SPs will rely on local policy to decide how to handle incoming IAQs. For example if the SP requires InCommon Bronze but receives InCommon Silver, that should be acceptable.
- Some SPs may not be able to use the AuthnRequest mechanism due to software or other limitations. Are they simply out of luck?
- How is the AuthnRequest configured using the Shib SP? The simpleSAMLphp SP?
- Boarding process: Since an IAQ in metadata makes a statement about certification (not live service), how does an SP determine that an IdP supports assurance operationally (ala attribute support)? One approach is to include
<saml:Attribute>elements in IdP metadata. Other approaches?
- Does the Shib SP software support the metadata check? Does the simpleSAMLphp SP?
- What matching rules are recommended, or acceptable?
- How is an SP supposed to "know" that Silver is acceptable in lieu of Bronze? Is there a role for InCommon to provide "advice"?
Ideally IdPs will receive a desired IAQ from an SP in an AuthnRequest to initiate the process. The IdP compares the requested IAQ to its matching rule and interacts with the local IdM system to determine if the current user meets the requirements. If so, the appropriate IAQ is returned in the AuthnContext element in the assertion.
- What matching rules are supported?
- If the SP requests Bronze, is it allowable for the IdP return Silver? How does the IdP "know" the mapping? Is there a role for InC to provide "advice"?
- Is it possible and/or desirable for the IdP to return multiple IAQs? No, not using the AuthnContext element.
- How does the Shib IdP interact with local IdM? Is a custom login handler required?
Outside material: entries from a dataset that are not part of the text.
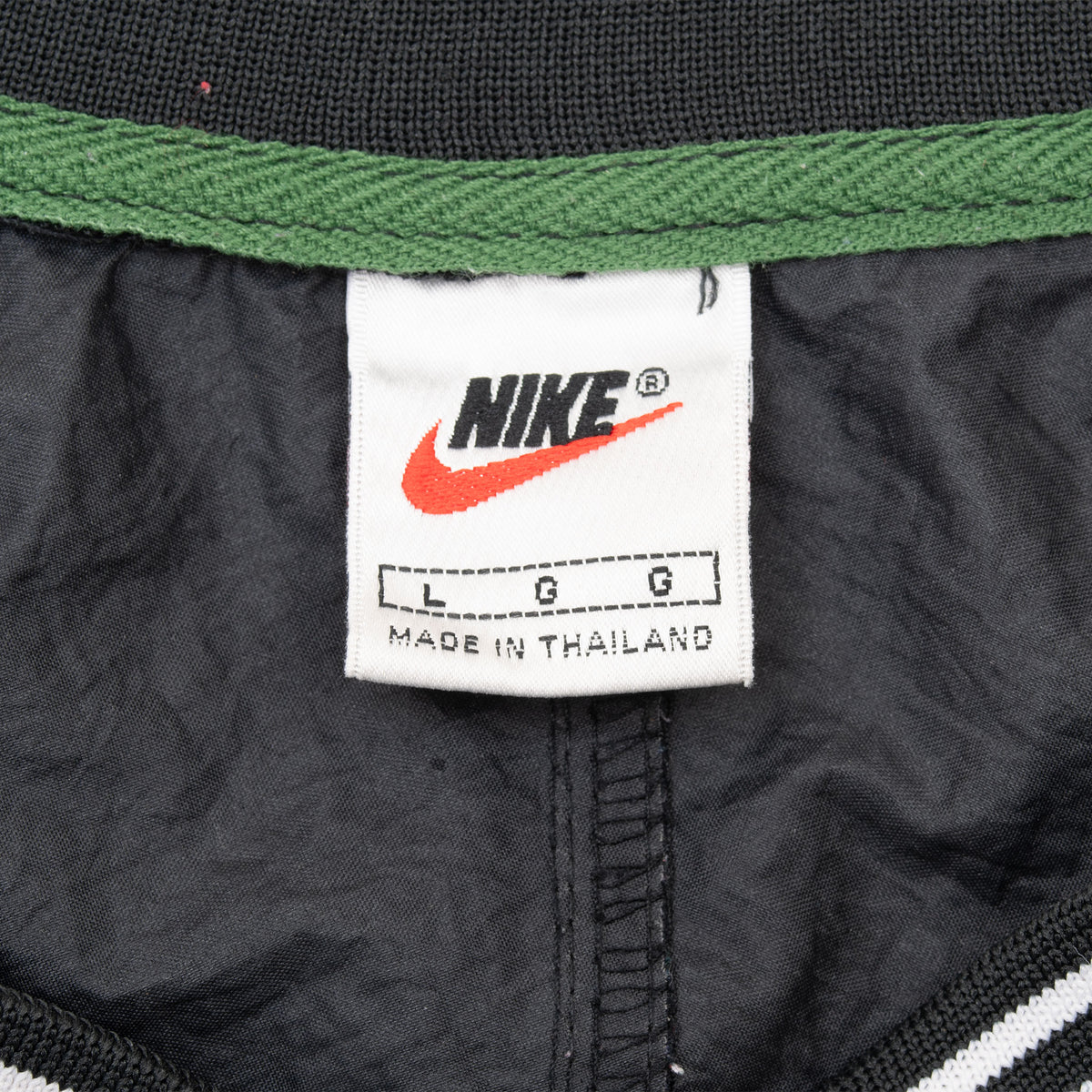 Nike neck label showing size large inside black pullover windbreaker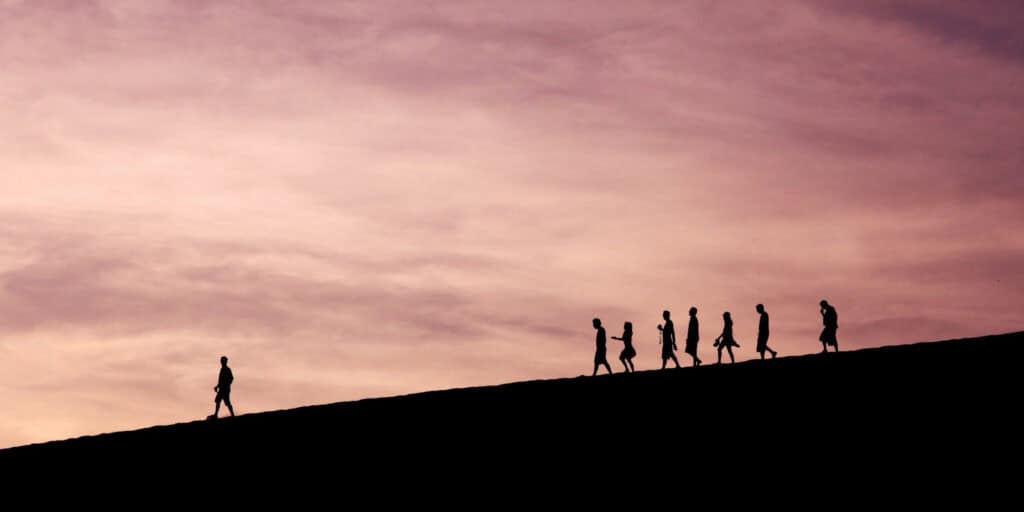 silhouettes of people walking along the ridge of a hill with pink sky in the background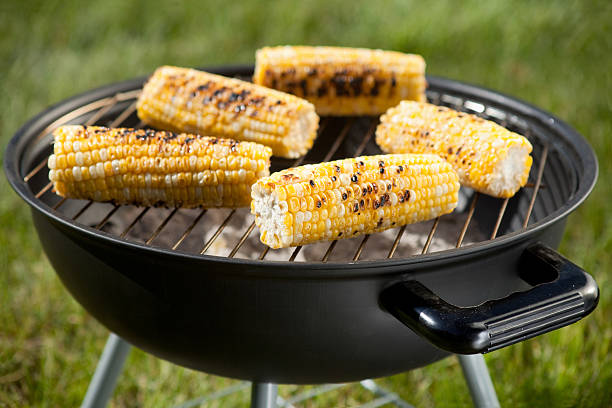 Fresh corn on the cob on a charcoal grill  stock photo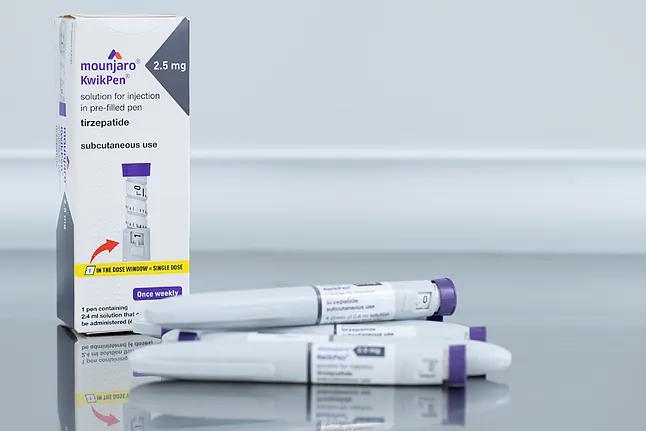 A container and two pens of the drug tirzepatide, marketed as Mounjaro by Eli Lilly.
Same question for simpleSAMLphp.
- If an SP does not assert an IAQ in an AuthnRequest and the current user meets the requirements for one or more IAQs, should the IdP assert the IAQ(s).
- Can the Shib (or SSP) IdP be configured to send IAQs without being requested?
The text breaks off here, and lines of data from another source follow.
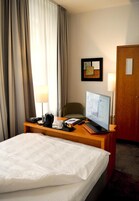 A hotel room with a bed, a desk with a laptop, a chair, a lamp, and a door.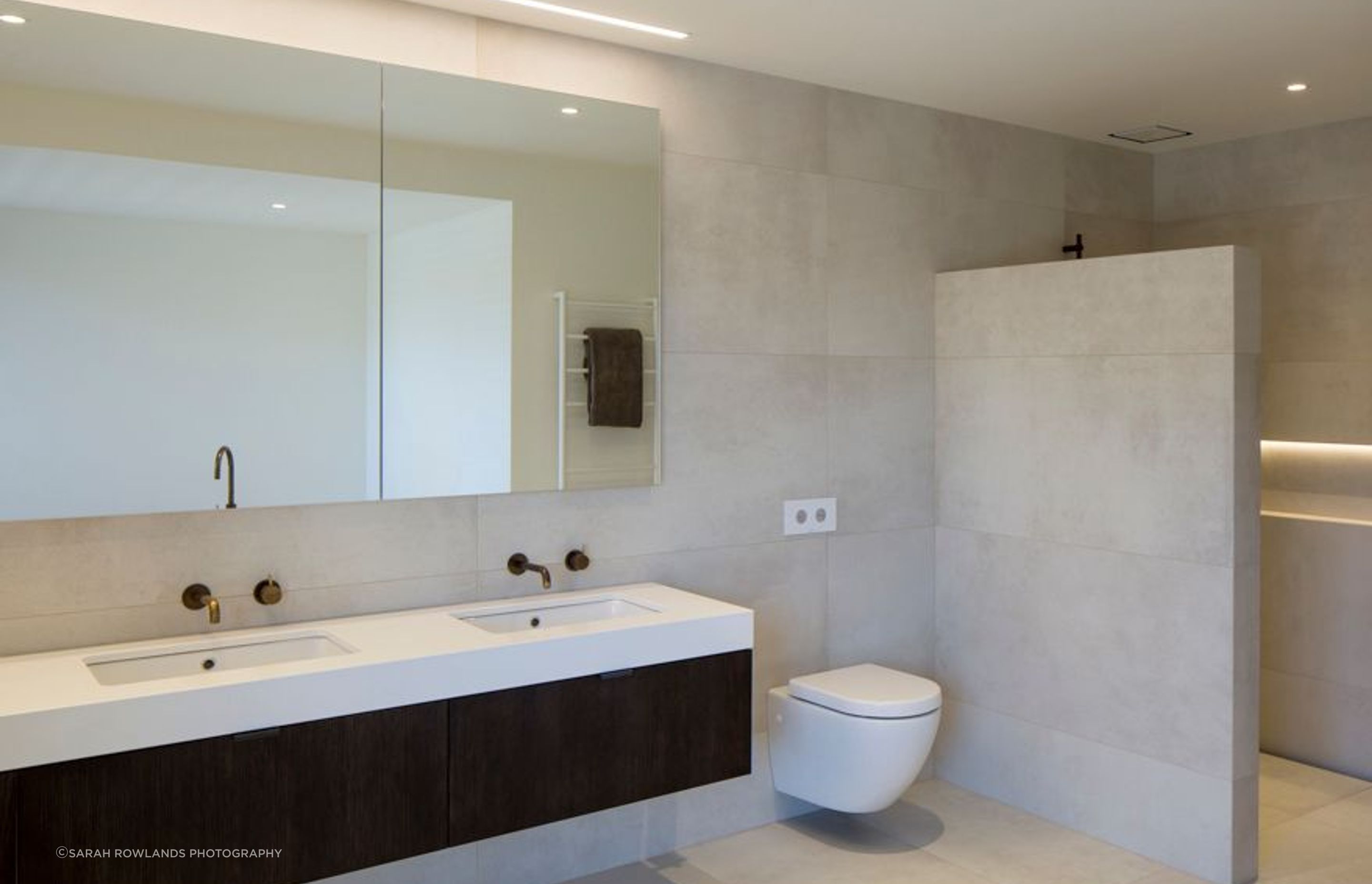 The ensuite bathroom features a custom-built cabinet with dark oak veneer and a stone top. 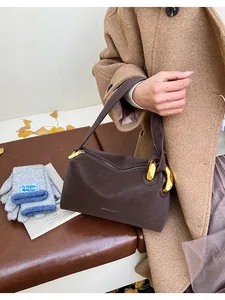 Dettaglio della borsa in pelle marrone retrò con anello dorato e accessori autunnali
- If so, what are the appropriate policy knobs (per-SP, per-user, whatever)?
SAML V2.0 Support for Assurance
SAML's support for identity assurance is embodied in a concept called "Authentication Context". The context of an authentication event is designed to capture both technical and procedural elements that factor into the "confidence" expressed by the identity provider in the event. In terms of assurance, this maps to the concepts of technical strength and identity proofing strength that make up an assurance profile.
Every authentication statement issued by an IdP contains an
<saml:AuthnContext> element that expresses the context of the authentication event. There are a variety of syntaxes supported, but the most common one is to define a "class" of authentication contexts that all share essential characteristics that are of interest to a relying party. These classes are mapped to URI constants that are expressed in an element called
<saml:AuthnContextClassRef>, of which a single value can be expressed by the IdP in response to an authentication request.
In addition, SAML V2.0 SPs have the capability to include simple or complex matching requirements in their authentication requests that influence the Authentication Context supplied by the IdP. The intent is to allow IdPs that support varying levels of assurance to honor requests based on the requirements of the SP and not a one-size-fits-all policy. In practice, this approach can be tricky to implement and may depend on customization of one's software deployment.
Thus, we expect assurance deployment to be gradual, and we will continue to evolve documentation to reflect what we learn. We also encourage deployers to talk to their software suppliers about the support (or lack thereof) of these features.